Required action:
For this exercise, please return exactly the line containing "The Evening Road" and each line after it through the end of the records, with no pictures included.

[Caption-style text data]
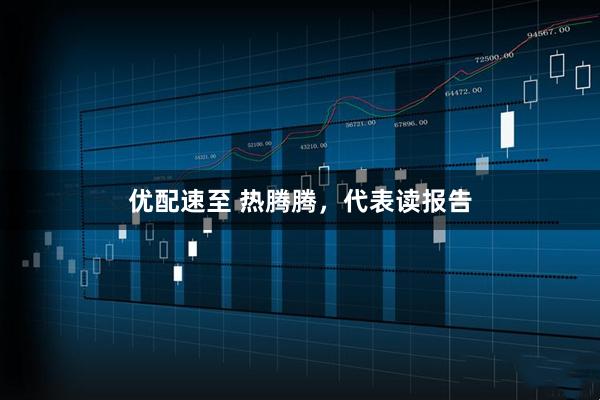 优配速至 热腾腾，代表读报告
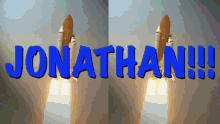 Jonathan Name GIF - Jonathan Name Rocket GIFs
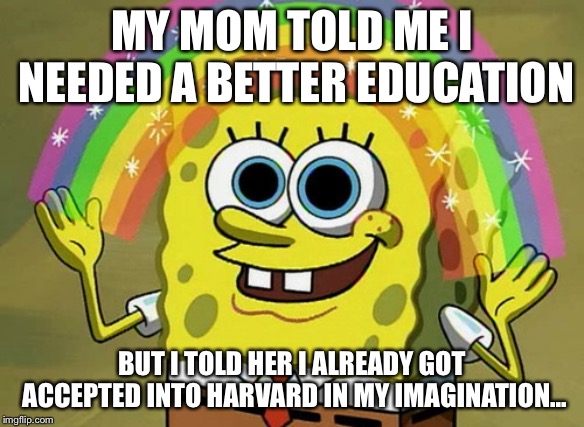 Imagination Spongebob Meme | MY MOM TOLD ME I NEEDED A BETTER EDUCATION; BUT I TOLD HER I ALREADY GOT ACCEPTED INTO HARVARD IN MY IMAGINATION... | image tagged in memes,imagination spongebob | made w/ Imgflip meme maker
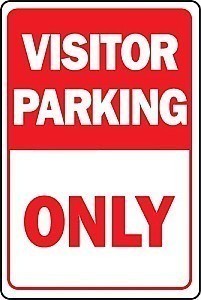 Alum. VISITOR PARKING ONLY Signs - 12" x 18" x 0.040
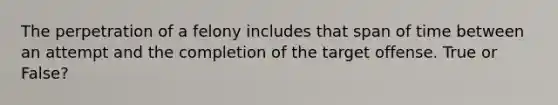 The perpetration of a felony includes that span of time between an attempt and the completion of the target offense. True or False?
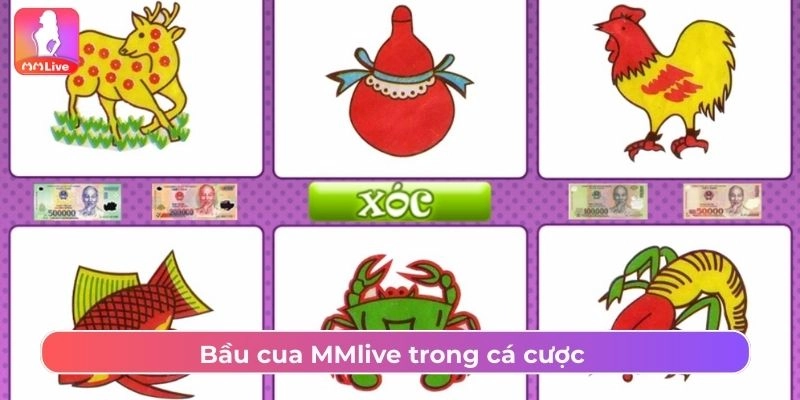 Bầu Cua MMlive Dễ Thắng, Tỷ Lệ Trả Thưởng Cao Nhất Bầu cua MMlive trong cá cược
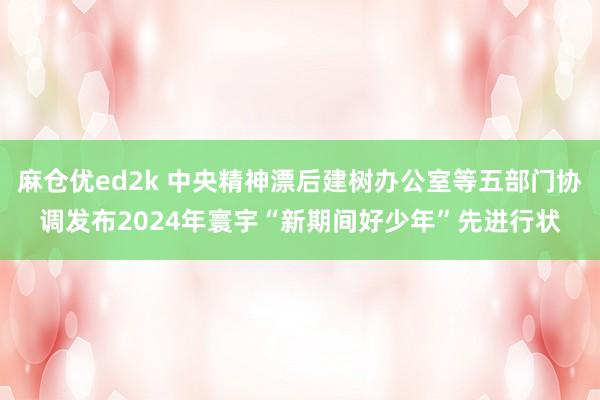 麻仓优ed2k 中央精神漂后建树办公室等五部门协调发布2024年寰宇“新期间好少年”先进行状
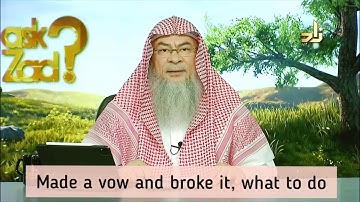 Made a Vow to Allah and broke it, what to do? - Assim al hakeem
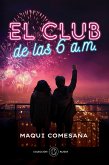 El Club de las 6 a. m. (eBook, ePUB)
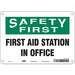 Safety Sign 7 in x 10 in Polyethylene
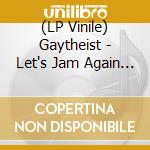 (LP Vinile) Gaytheist - Let's Jam Again Soon lp vinile di Gaytheist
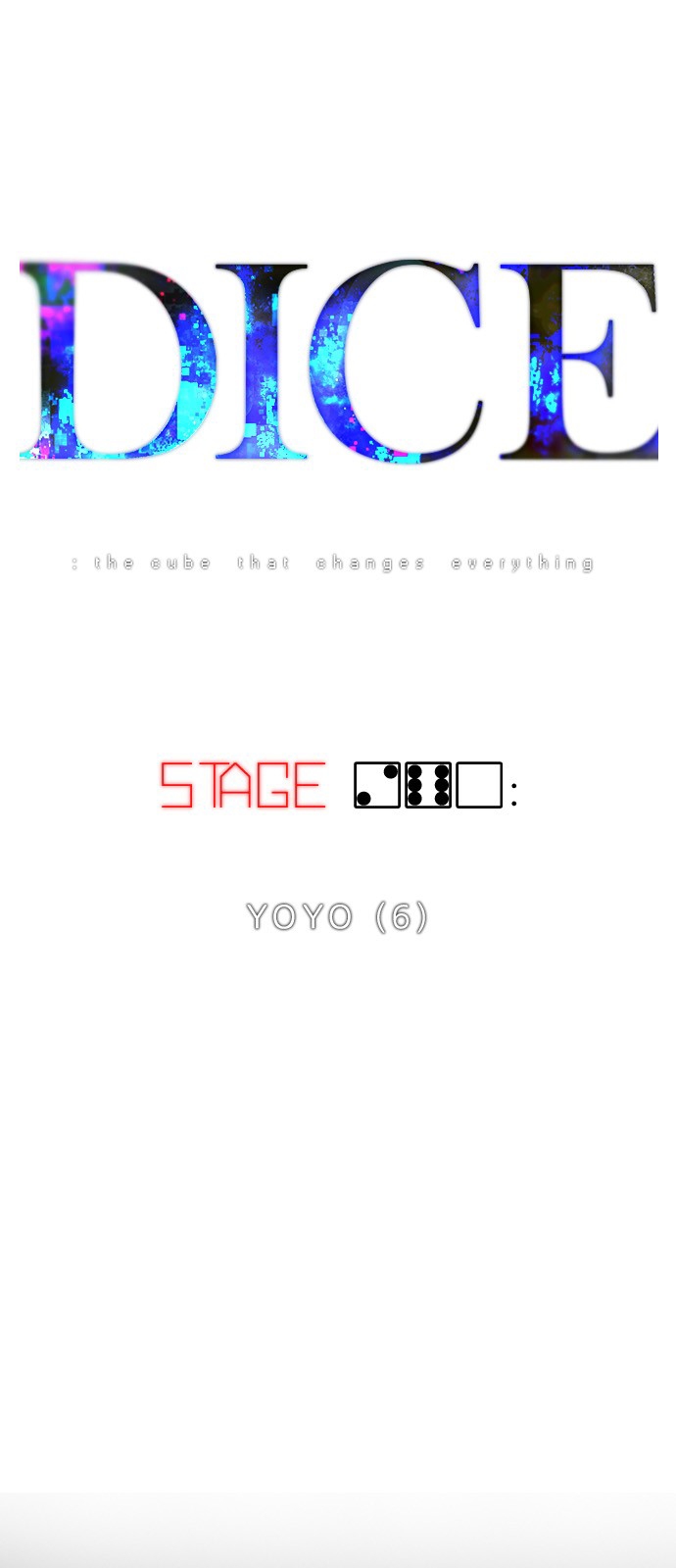 DICE: The Cube that Changes Everything Ch. 260 YOYO (6)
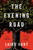 The Evening Road by Laird Hunt, 9780316391313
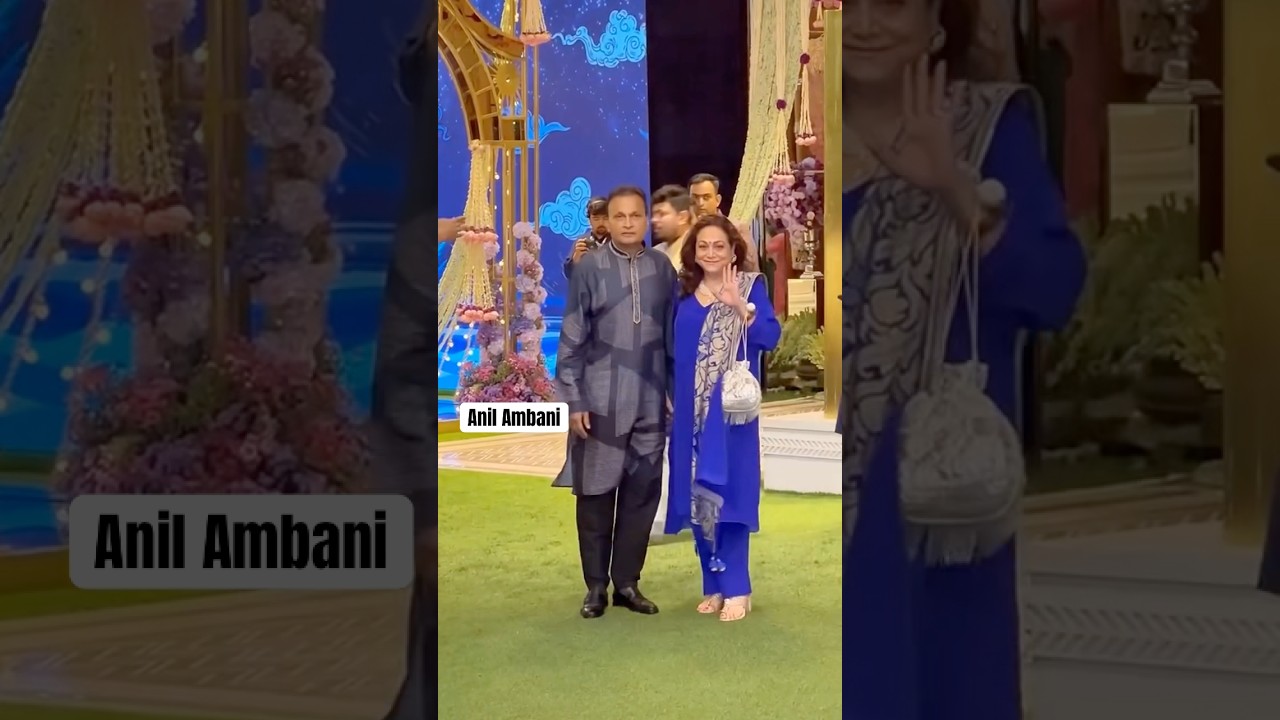 Anil Ambani & Tina Ambani Grace Anant&ndash;Radhika&rsquo;s Grand Wedding ✨👰🤵 | Ambani Family Union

Result:
 The Evening Road by Laird Hunt, 9780316391313
 Anil Ambani & Tina Ambani Grace Anant&ndash;Radhika&rsquo;s Grand Wedding ✨👰🤵 | Ambani Family Union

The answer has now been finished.